**The problem:** Drop the pictures; give again exactly the lines from the one holding "Stacked concrete sewer" through the end of the data.

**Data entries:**
*** Block opens ***

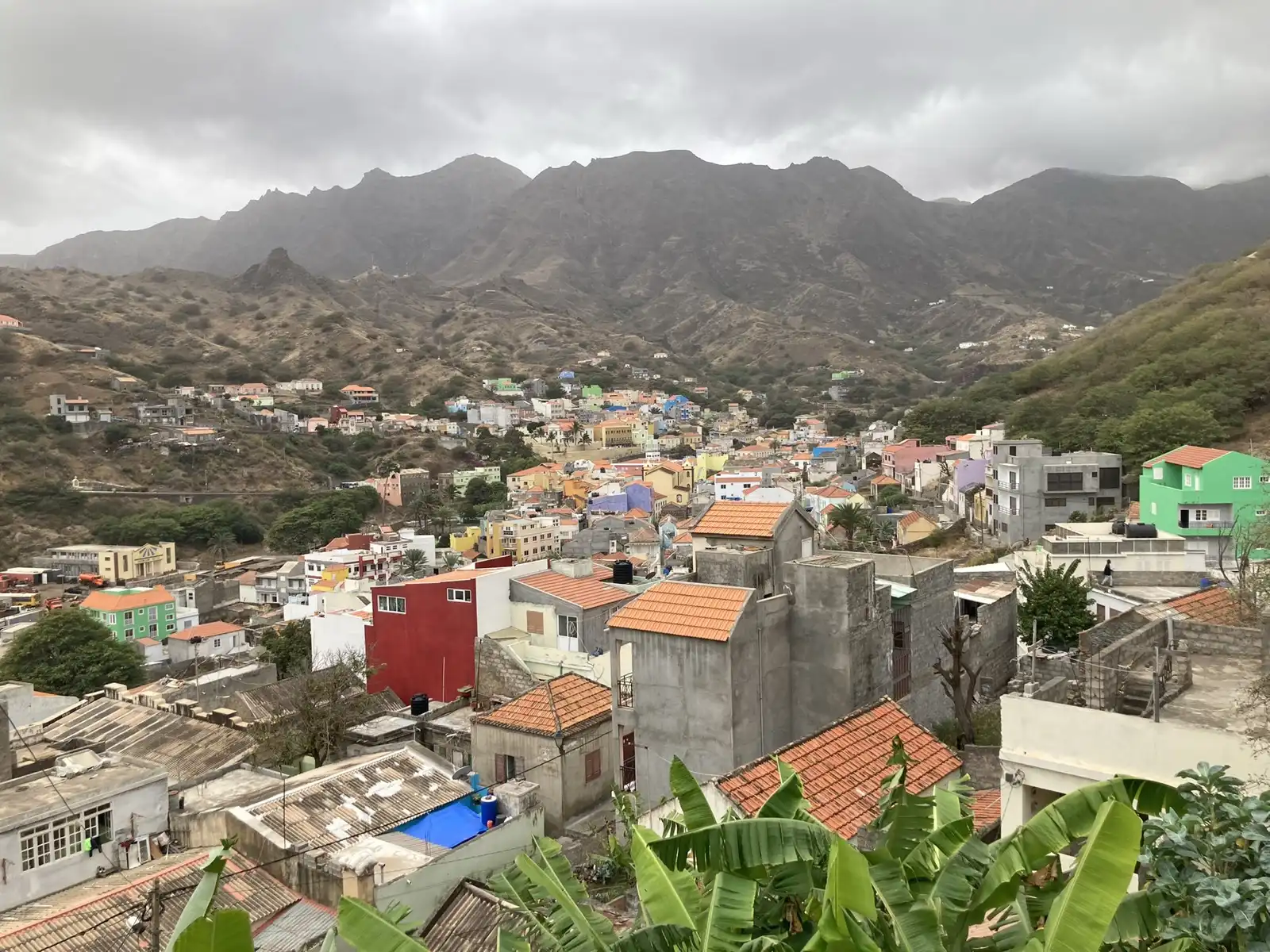Colourful houses of Ribeira Brava filling its valley below the Monte Gordo massif, São Nicolau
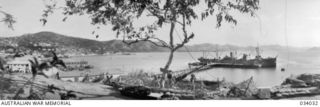 Port Moresby, Papua. 1942-08. A view from the township area looking across the harbour and surrounding hills with an anti aircraft crew and gun in the foreground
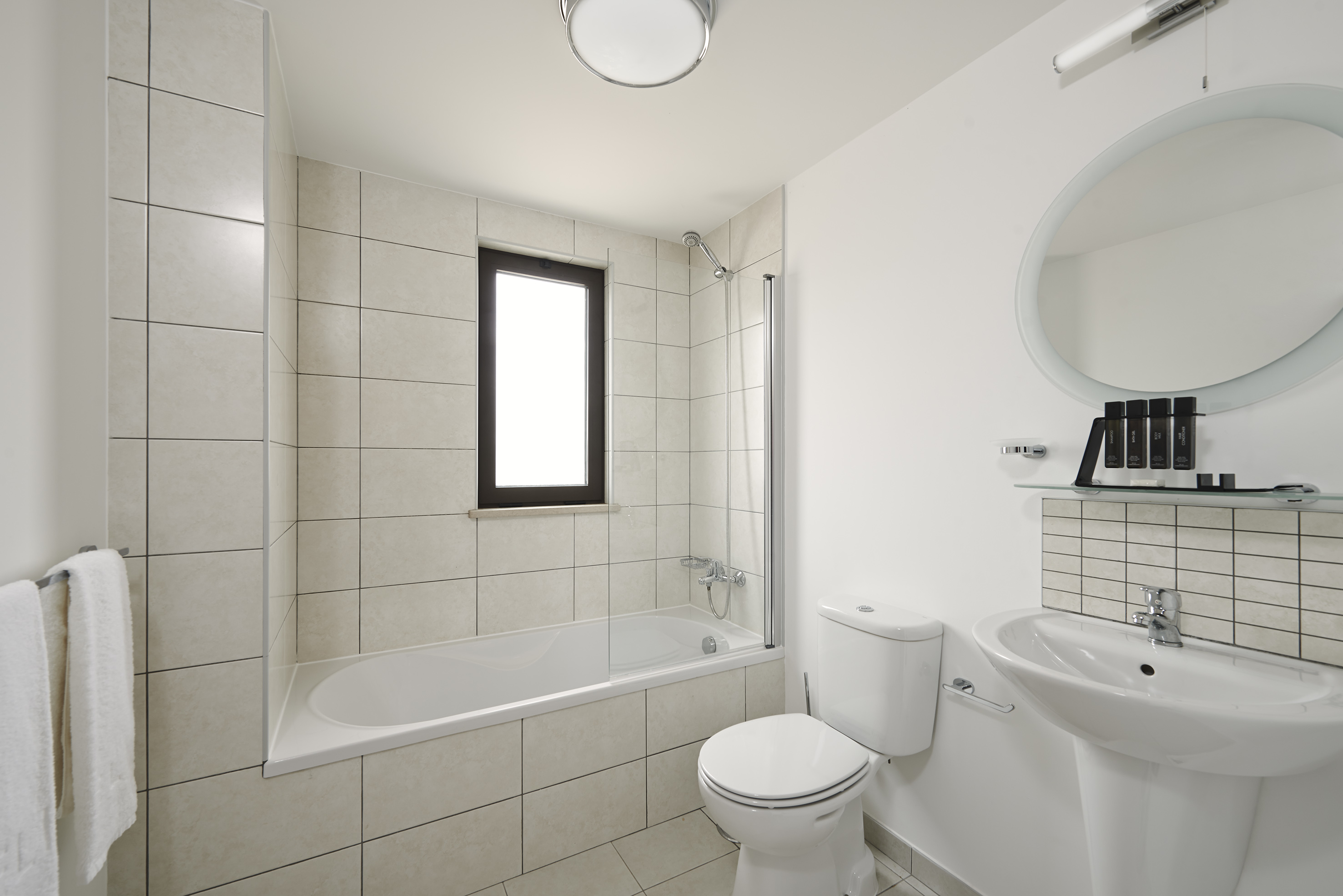 a bathroom with a tub and toilet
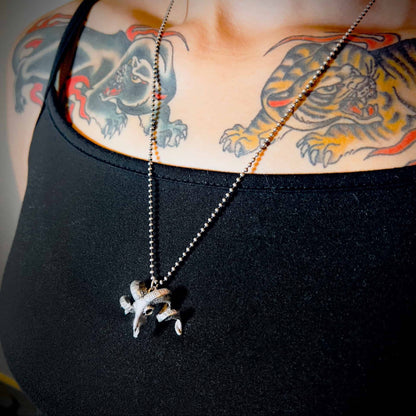 NO FLOCKS GIVEN solid silver pendant on ball chain, worn by tattooed person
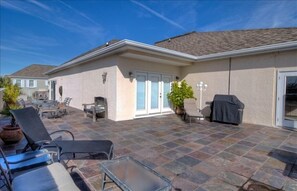 Huge deck with multiple seating and lounging areas.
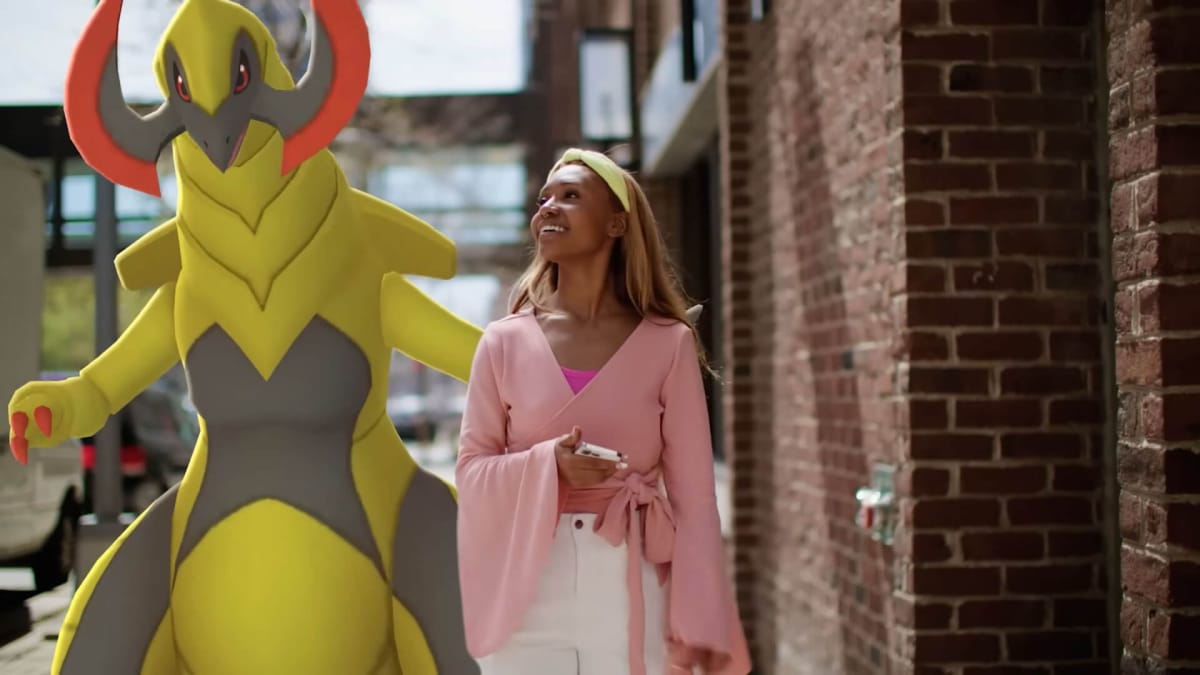 Haxorus standing behind a woman in a Pokemon Go trailer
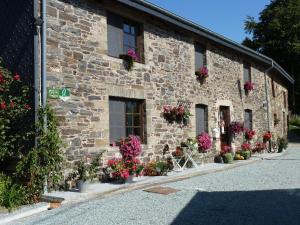 a stone building with flower pots on the side of it at Restored cottage in an old Ardennes farmhouse in Nimbermont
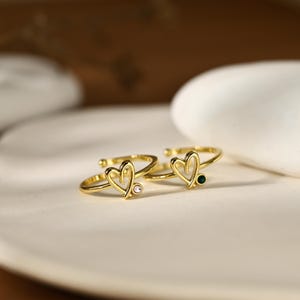May include: Two gold-toned open rings featuring a heart-shaped design. One ring is accented with a small, clear, round gemstone, while the other ring is accented with a small, dark green, round gemstone. Both rings have a smooth, polished finish.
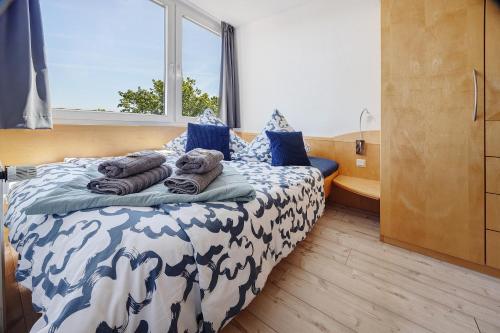 a bedroom with a bed with blue and white sheets and a window at Fräulein Frida Steinhude in Wunstorf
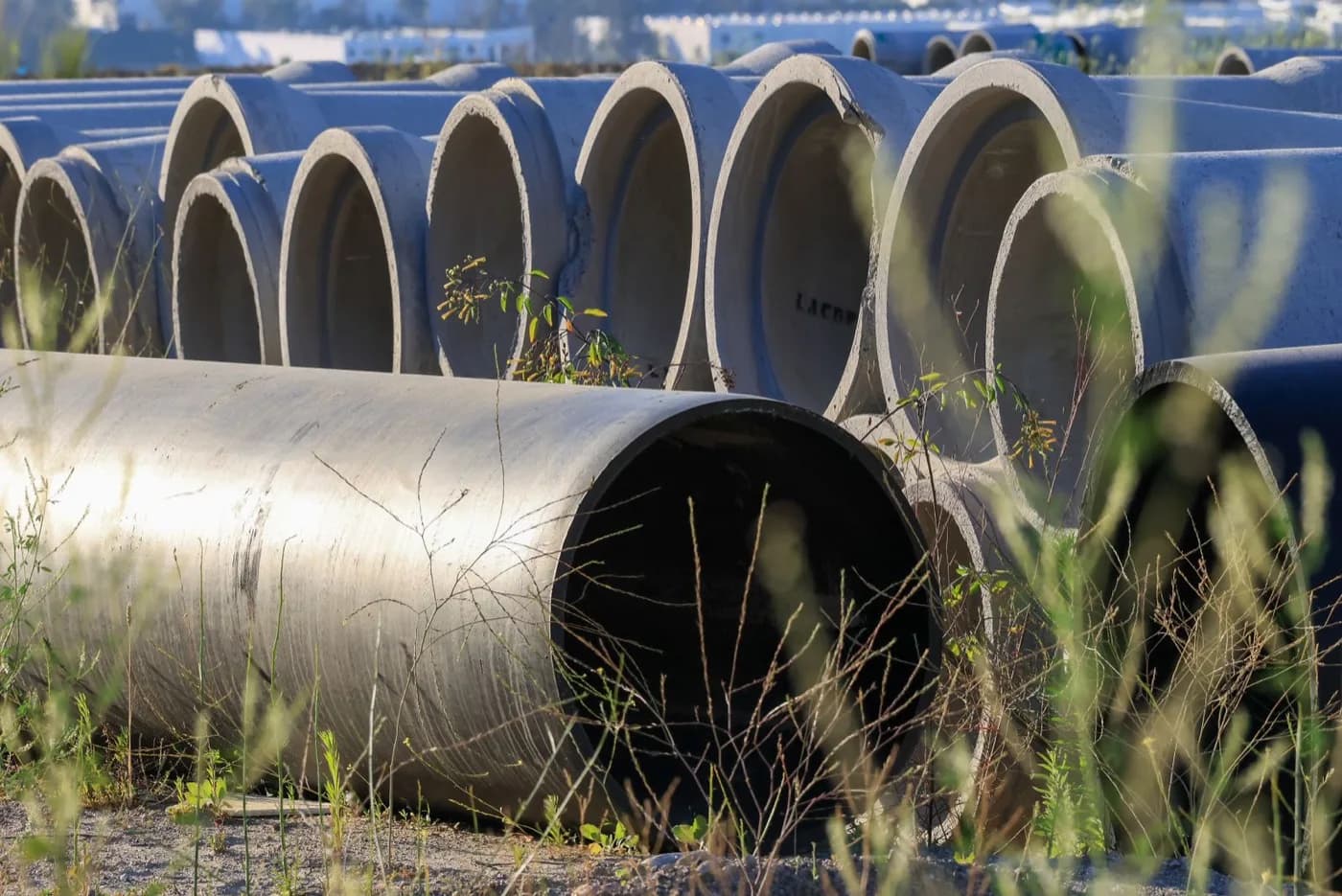 Stacked concrete sewer pipe sections in an outdoor yard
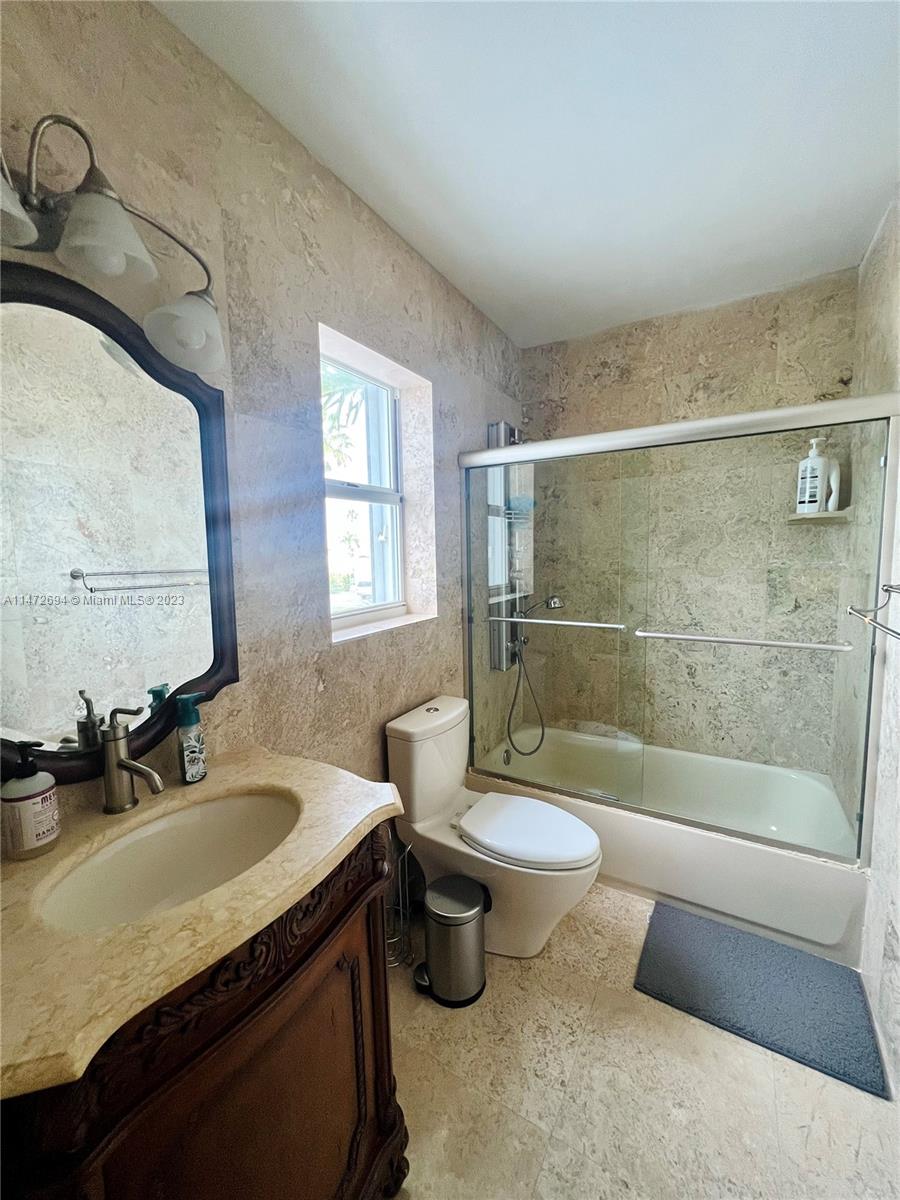 West End Miami, FL 33185 - Photo 12 of 30 a bathroom with a sink a toilet and shower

*** Block closes ***

**Solution below:**
 Stacked concrete sewer pipe sections in an outdoor yard
 West End Miami, FL 33185 - Photo 12 of 30 a bathroom with a sink a toilet and shower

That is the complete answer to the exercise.